On the back subject we were going roughly 60-65 when I crashed. Back is all good now thanks for asking!!oof dude, breaking your brack on a g-out is up there on my nightmare scenarios list.
were you haulin the mail and flew off the one side?
Hope you're recovered from that.
I wanted to ask about this comment from early in the thread. Schreiner is on my list of rear end manufactureres to choose for my build, but this is the first negative comment i've seen. Do you have strong opinions about them? any thoughts on why the seals were bad?
As far as schreiner rear ends. My set up was the 2” snout with 31 spline gun drilled axles. The housing was not the fabbed housing but the 9” center section retubed by schreiner I think they have since upgrade those housing to a more fabricated stock style 9” center section (see the Bodj S-10) for example.With My housing I was always chasing cracks and leaks like every trip.

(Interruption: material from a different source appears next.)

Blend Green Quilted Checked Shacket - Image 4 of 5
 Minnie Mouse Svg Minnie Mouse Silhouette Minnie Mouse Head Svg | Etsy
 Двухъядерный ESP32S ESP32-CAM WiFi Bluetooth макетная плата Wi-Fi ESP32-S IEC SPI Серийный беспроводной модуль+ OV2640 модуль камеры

My rear end worked great when I had 35’s as soon as I went up to 37’s is when my hub issues started. The spindle nut lock ring is very chinsy the tab that locks into the cut out on the snout would constantly break and cause the spindle not to back out and ruin your weekend. I double stacked the rings on top of each other and never had one break again. Issue 2 the driver side snout was not reverse thread so the wheel rotation was trying to loosen it rather then tighten. Driver side broke the lock rings every time. Issue 3 (which it solvable with a lathe) is there are no crush sleeves on the hubs so the recommended torque was only like 32-flb’s unlink my Jamars that are hit the hub nut tool with a sledge hammer tight. 1 other weird problem that I found was the breather hole was to small and the housing would build enough pressure to cause the hubs seal to leak. I welded a -8 fitting on for a breather and the leaking stopped.
For the price tho you can’t really beat it. I’d recommend the bigger 3.5” fabbed housing and 35-40 spline set up if you plan on running anything over 35” tires.